BEGIN Supplied records

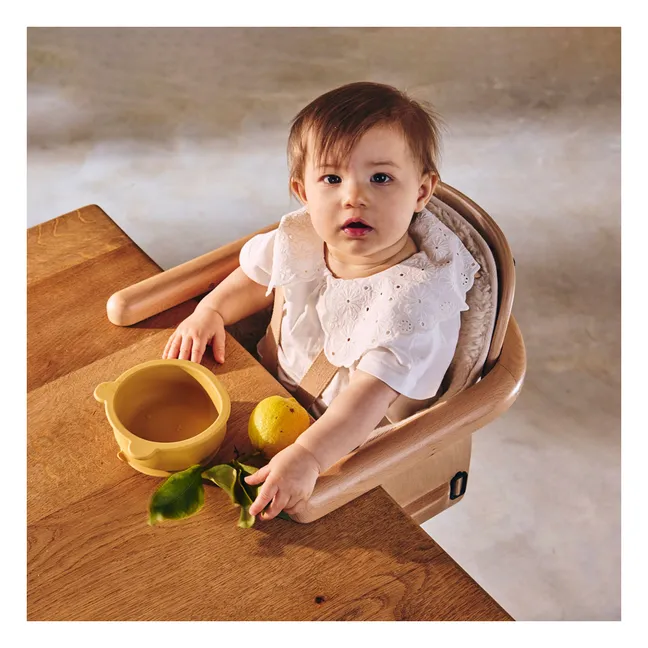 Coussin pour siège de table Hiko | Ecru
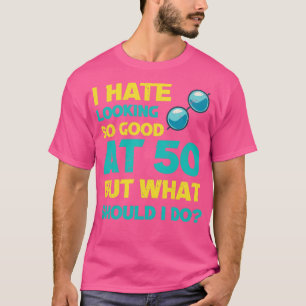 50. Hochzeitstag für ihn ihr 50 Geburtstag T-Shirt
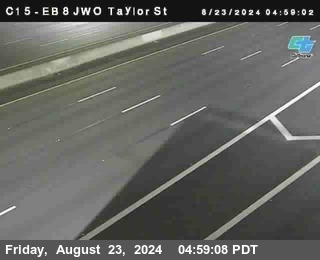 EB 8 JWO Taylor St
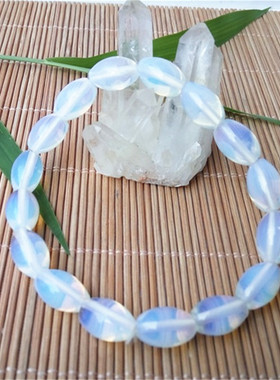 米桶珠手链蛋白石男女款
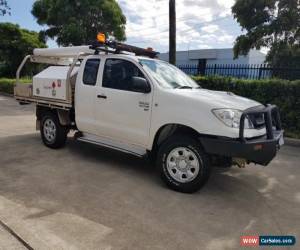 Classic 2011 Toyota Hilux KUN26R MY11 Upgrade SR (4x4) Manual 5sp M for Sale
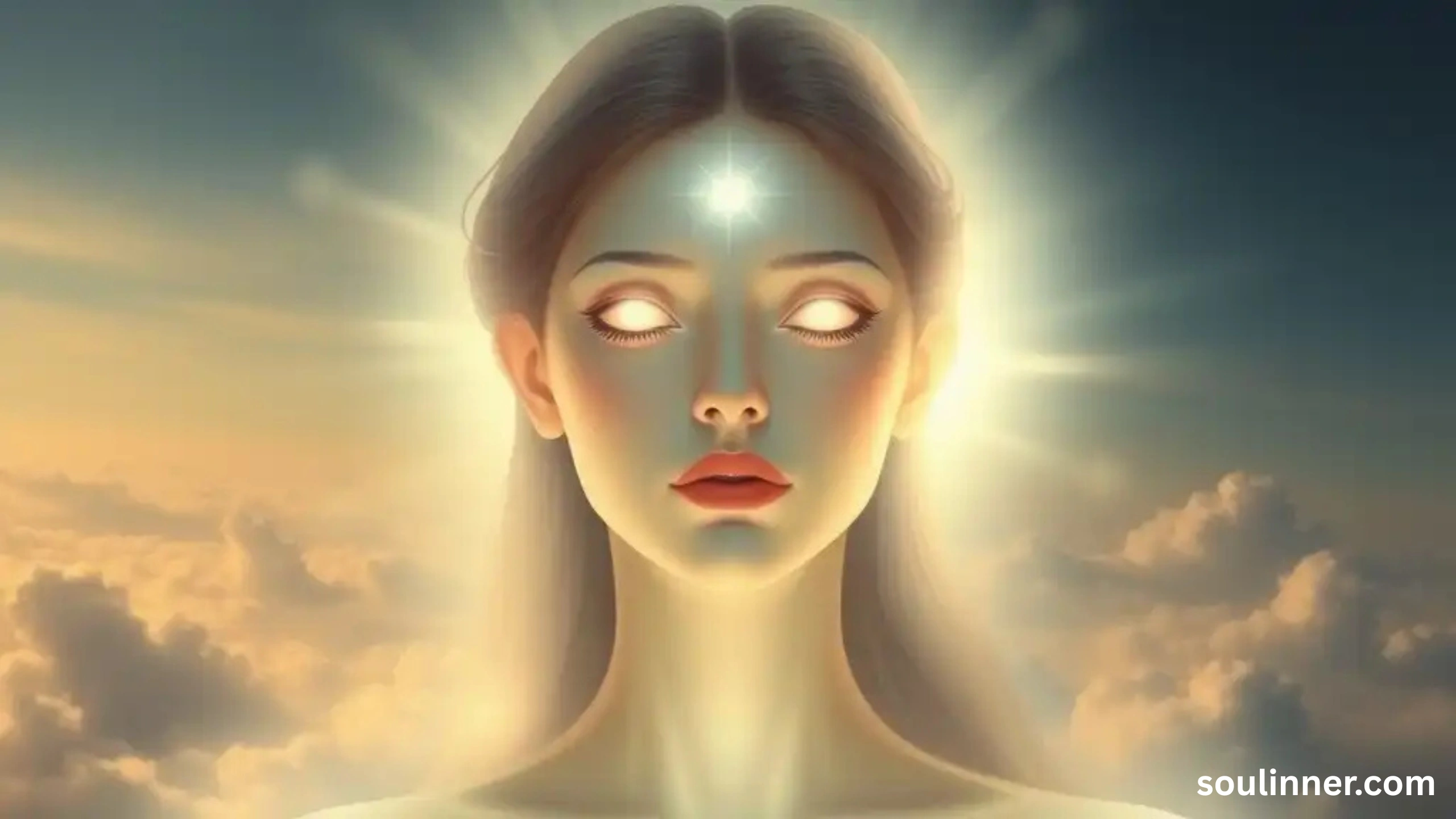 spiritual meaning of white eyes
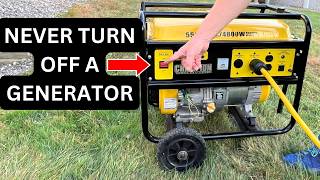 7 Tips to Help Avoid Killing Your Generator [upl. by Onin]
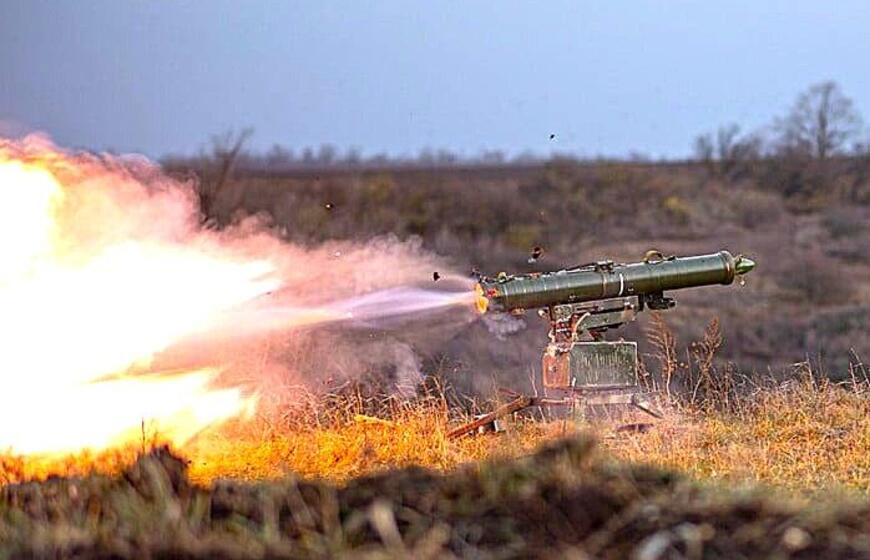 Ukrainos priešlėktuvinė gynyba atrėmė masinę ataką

END Supplied records

**Exercise objective**
Output exactly the lines from the line with "7 Tips to Help" to the last line of the records, including both, and leave every picture out.

**Response to this task**
 7 Tips to Help Avoid Killing Your Generator [upl. by Onin]
 Ukrainos priešlėktuvinė gynyba atrėmė masinę ataką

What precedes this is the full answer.